◆ **PROBLEM DETAILS**
Where the data below begins, start retyping exactly, and end on the line with "Destaque de Micro-ondas", which is included; no picture goes in.

►

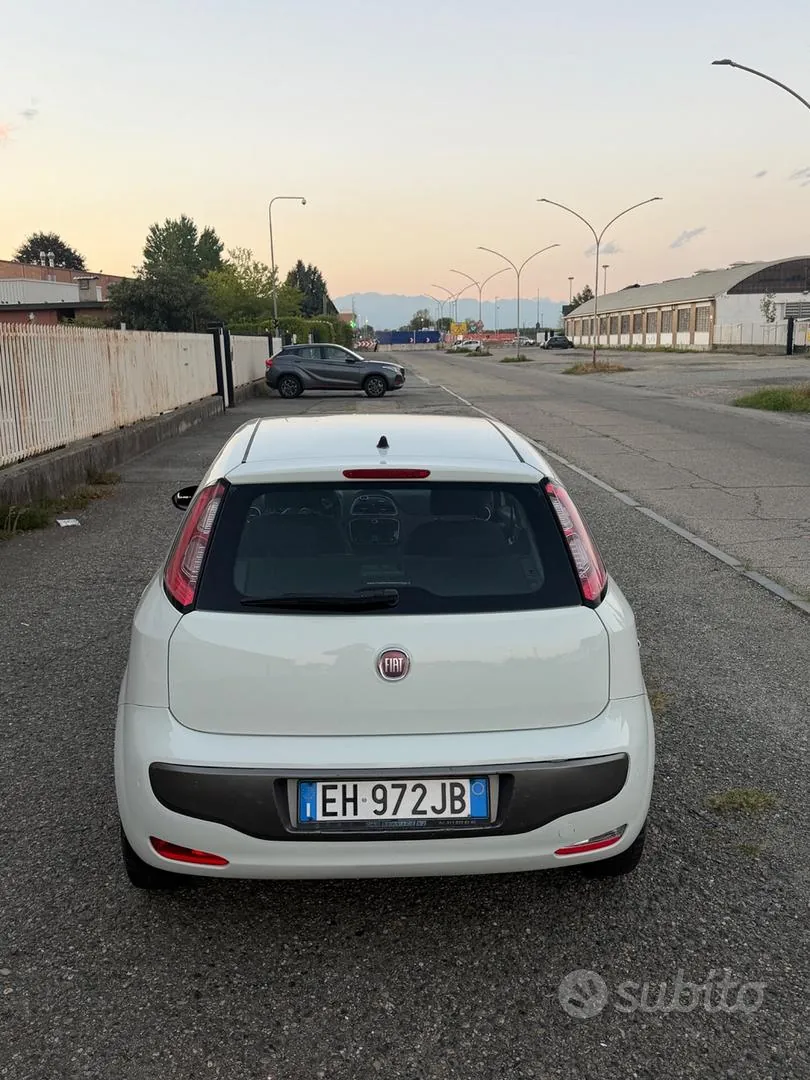 Fiat Punto Evo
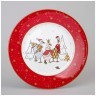 Тарелка закусочная lefard "family christmas" 20 см Lefard (425-159)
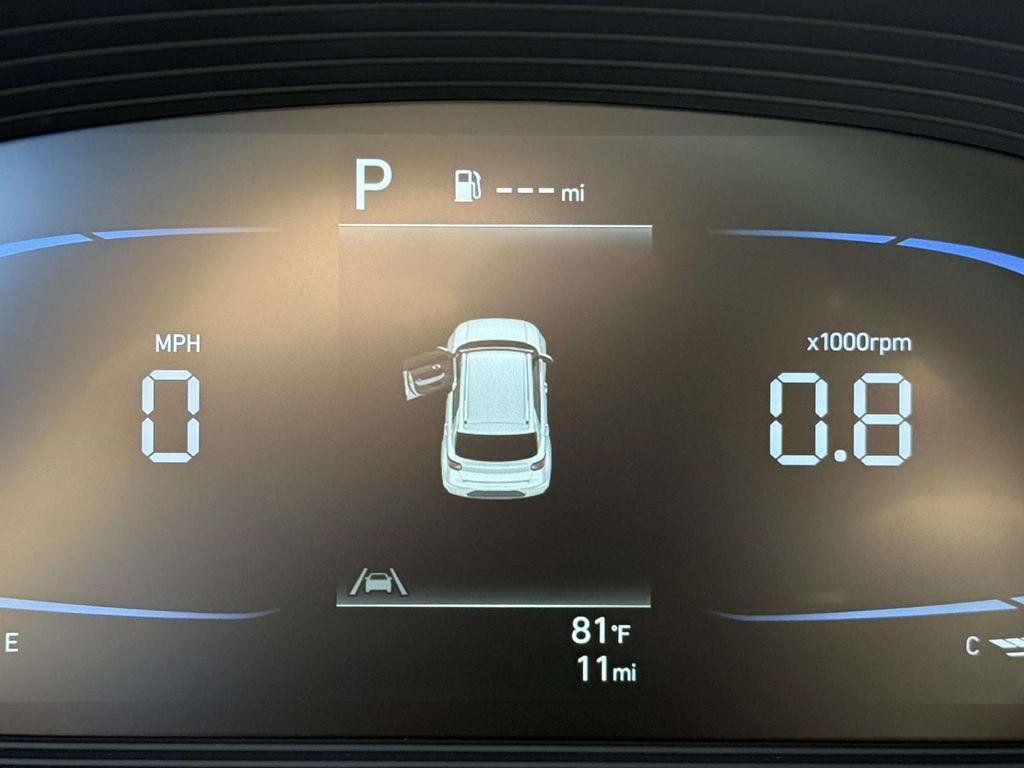 New 2026 Mirage Green Hyundai SEL image 28
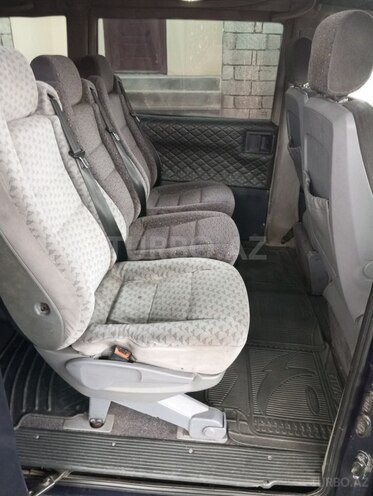 Mercedes Vito 112 2000, 99,999 km - 2.2 l - Salyan
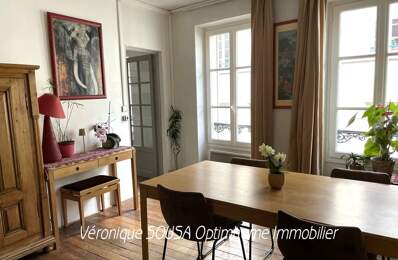 Appartement ancien de  6 pièces en hyper centre — photo du bien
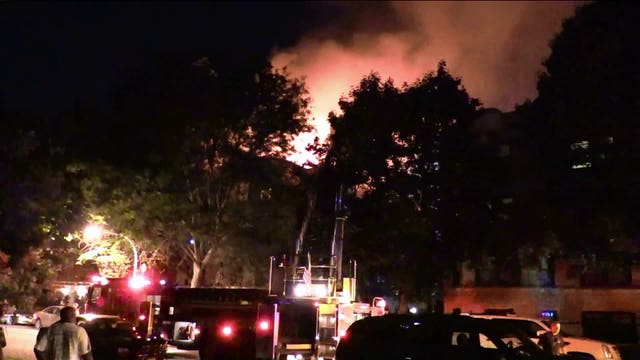 "Suspicious in nature:" Police question person of interest after man, children killed in fire in Chicago
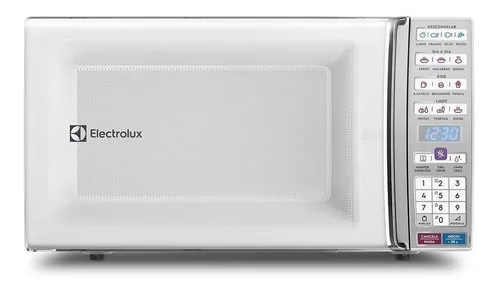 Destaque de Micro-ondas Electrolux 34L com desconto no Bom de Oferta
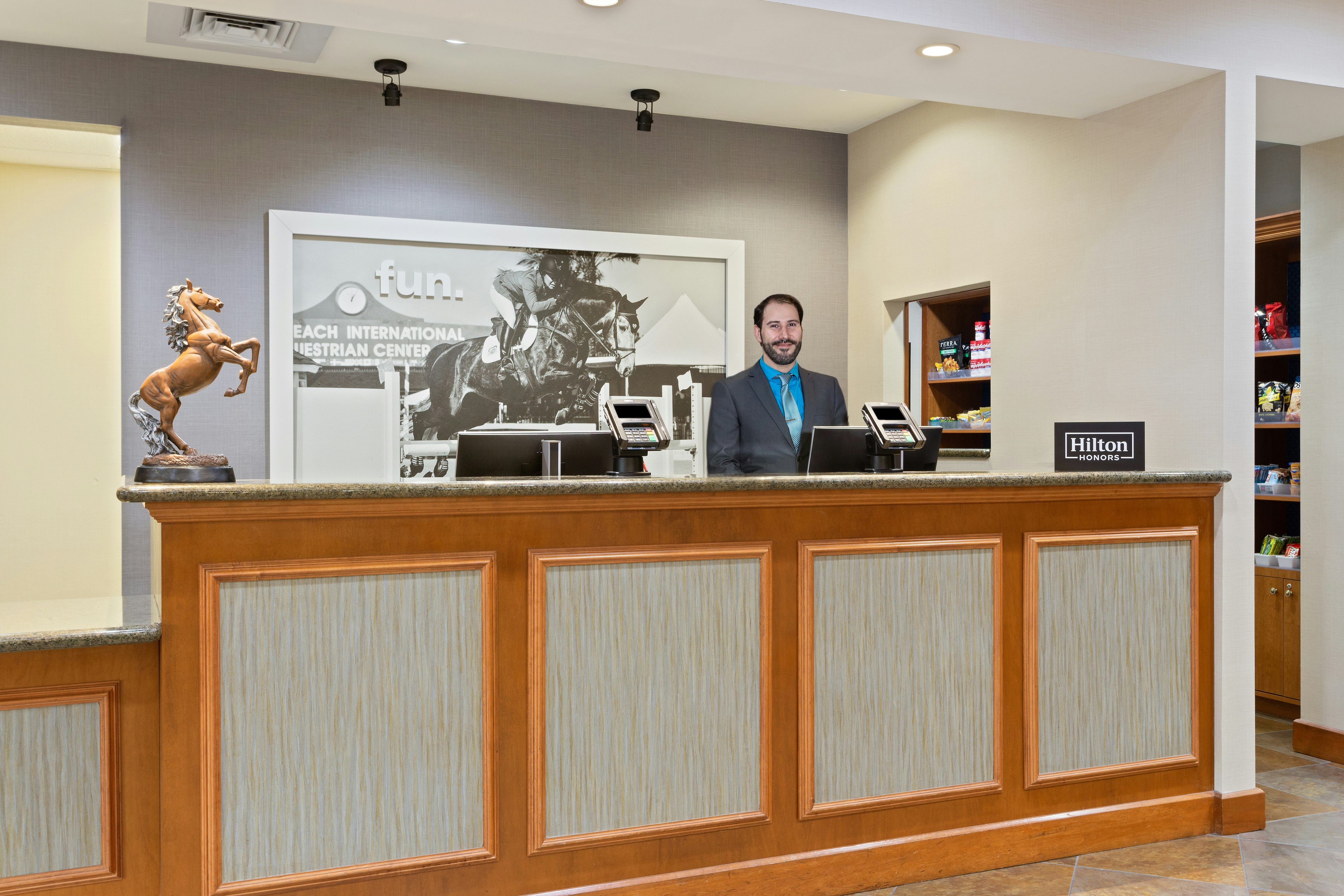 Hampton Inn West Palm Beach-Lake Worth-Turnpike 4/34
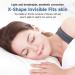 120 pcs Advanced Sleep Tape Mouth Strips for Improved Nose Breathing and Instant Snoring Relief - Buy Online on GoSupps.com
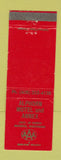 Matchbook Cover - Alphorn Motel Annex Monroe WI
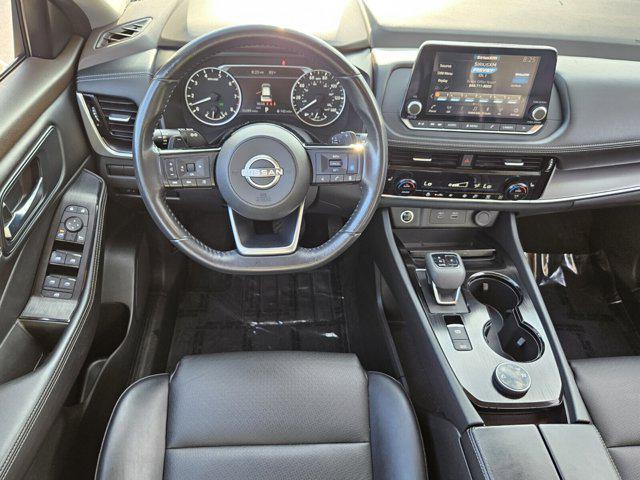 used 2022 Nissan Rogue car, priced at $19,999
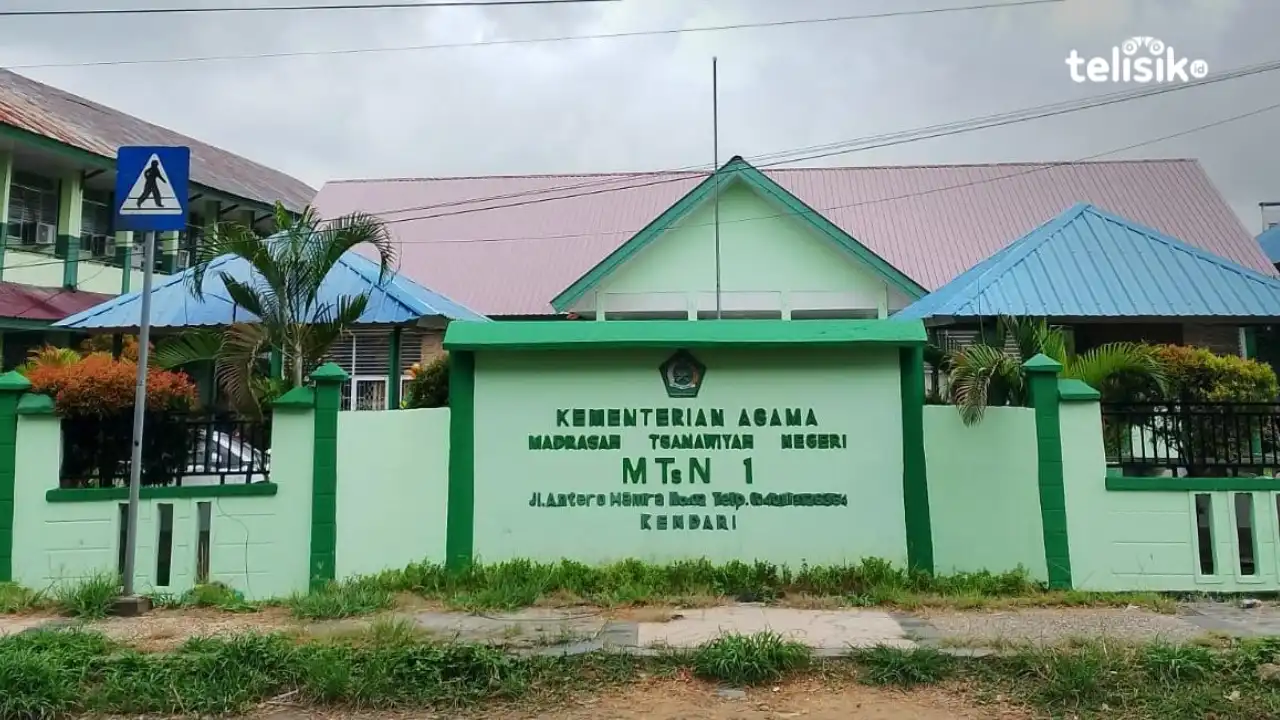 Gali Potensi Anak hingga Sosialisasi PPDB: MTsN 1 Kendari Gelar Expo dan Matsutake Competition SD/MI se-Sultra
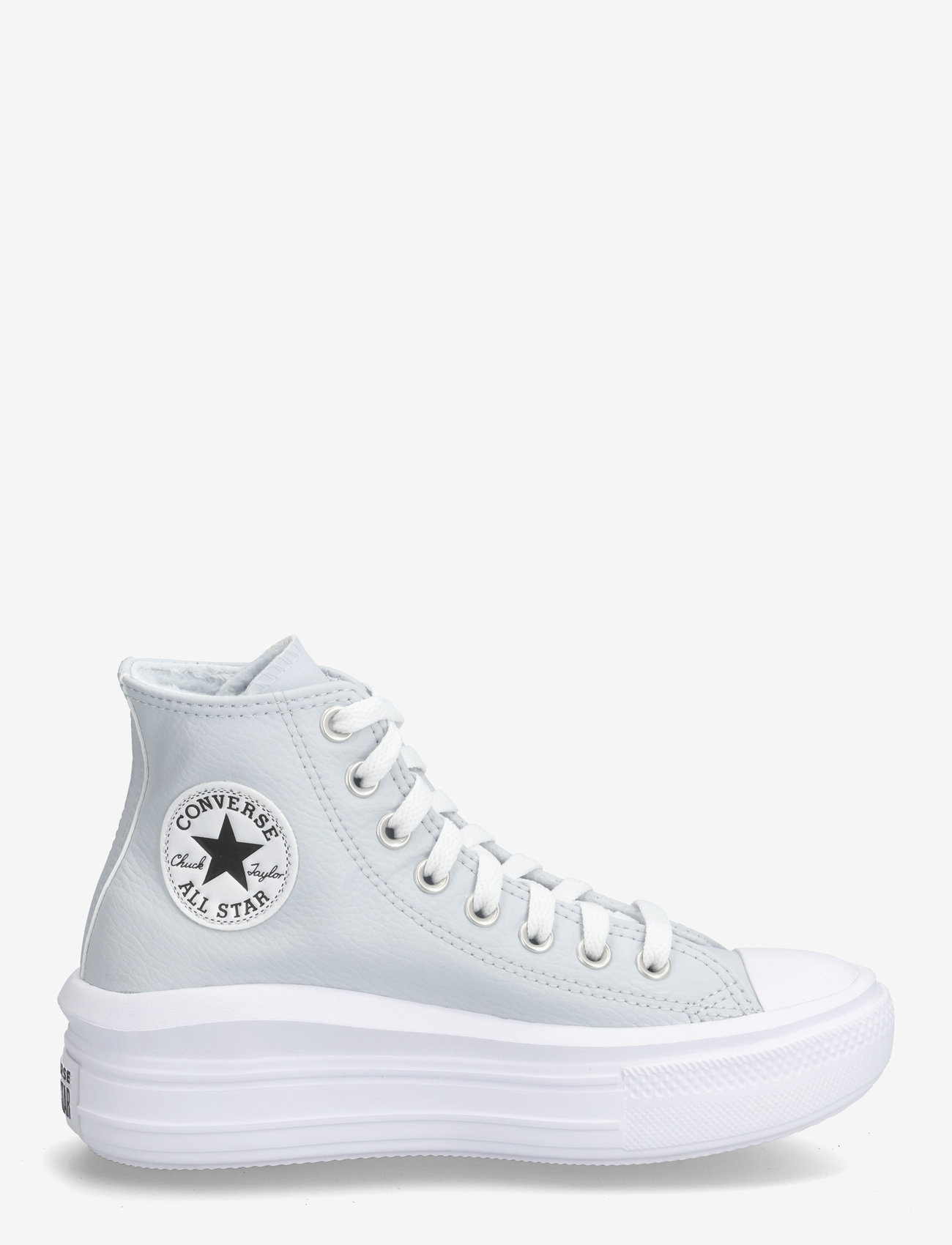 Converse - Chuck Taylor All Star Move - tyg sneakers - just chill/white/just chill - 1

◄

◆ **COMPLETED EXERCISE**
 Fiat Punto Evo
 Тарелка закусочная lefard "family christmas" 20 см Lefard (425-159)
 New 2026 Mirage Green Hyundai SEL image 28
 Mercedes Vito 112 2000, 99,999 km - 2.2 l - Salyan
 Appartement ancien de  6 pièces en hyper centre — photo du bien
 "Suspicious in nature:" Police question person of interest after man, children killed in fire in Chicago
 Destaque de Micro-ondas Electrolux 34L com desconto no Bom de Oferta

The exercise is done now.